If the item’s label doesn’t stipulate where it originated, try asking someone who works in the store. They should be able to look it up on their system.
How do I know if a vegetable is in season?
This requires a little more digging on your part, as most shops don’t include this information on the label. A quick google will normally reveal whether you’re in luck, or whether you’ve got a few more months to wait.
Here’s a list of the veg that’s in season in April and May in the UK:
- New potatoes
- Pak choi
- Purple sprouting broccoli
- Spring greens
- Spring onion
- British asparagus
What’s the best way to ensure I eat mainly seasonal veg?
Eating only or mainly seasonal veg isn’t common these days. Thanks to modern supply chains, we’re all used to having whatever we want, when we want it.
If that sits a little uncomfortably for you, or if you’re looking for an area to make a big impact on your carbon footprint, we recommend meal planning. This affords you the opportunity to:
- Spot where food waste might occur and plan your meals so you reduce/eliminate it
- Research what foods are in-season
- Set goals, like ‘only spend £X on food this week’ or ‘include two vegetarian/vegan dinners this week’

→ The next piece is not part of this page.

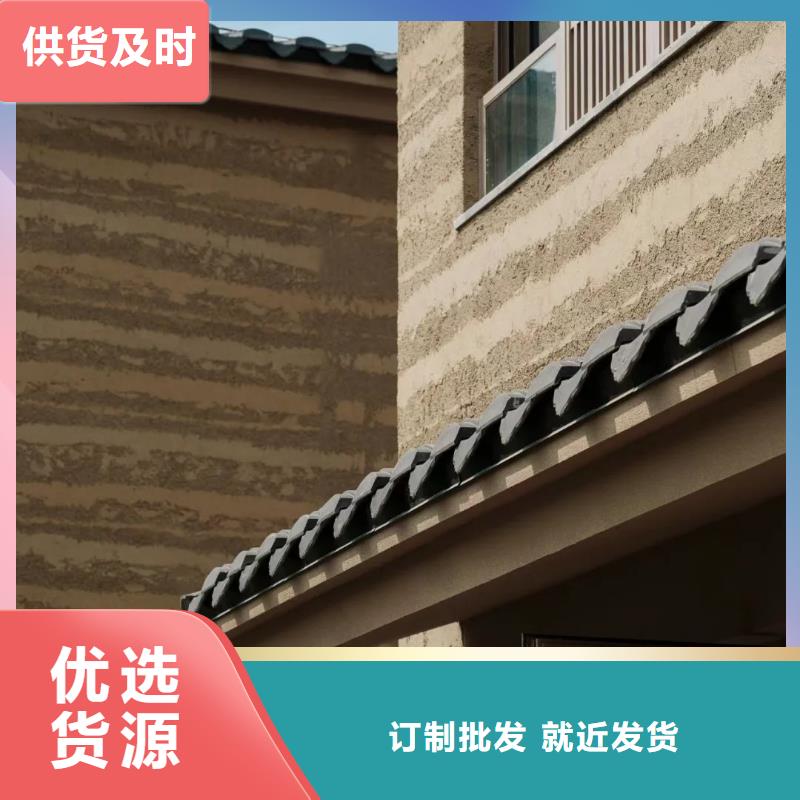 仿夯土稻草漆施工价格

Pawprint’s ‘A week of low carbon dinners in April’ meal plan:
Monday: Whole roasted cauliflower. Butter, paprika and garlic transform this crunchy vegetable into a mouthwatering treat. Pop it on a bed of lemon-y tahini, use some fresh bread to wipe up the sauce, and you’ve got yourself a delicious, low-carbon meal.
Tuesday: Chicken and red pepper curry, with a saag aloo side. Chicken is a low-carbon meat, though you can make it fully plant-based by swapping it out for chickpeas or Quorn chicken pieces. Or both.
Wednesday: Purple broccoli and pak choi stir fry. Swap normal broccoli for its purple sprouting cousin and this recipe is healthy, delicious and low-carbon. You could even add some sweet chilli-marinated chicken or tofu to bulk it up. And of course, egg noodles (or rice, if you want to keep it vegan).
Thursday: Chorizo and cabbage stew. Pork has double the carbon footprint of chicken, but less than half of beef, making it a good substitute if you’d normally opt for a stew made from the latter. If you’re veggie, try swapping the chorizo for halloumi. It’s a great alternative to salty pork.
Friday: It’s the end of the week, so whatever you’re making needs to be easy and it needs to be cheesy (or is that just us?). How about a lemon and spinach pasta bake?
Saturday & Sunday: Use up any leftover ingredients from the past week. Other than that, treat yourself to whatever you like. It’s the weekend!
Eating low carbon is only impactful if you stick at it, so don’t bite off more than you can chew. Five low-carbon meals a week is a great start!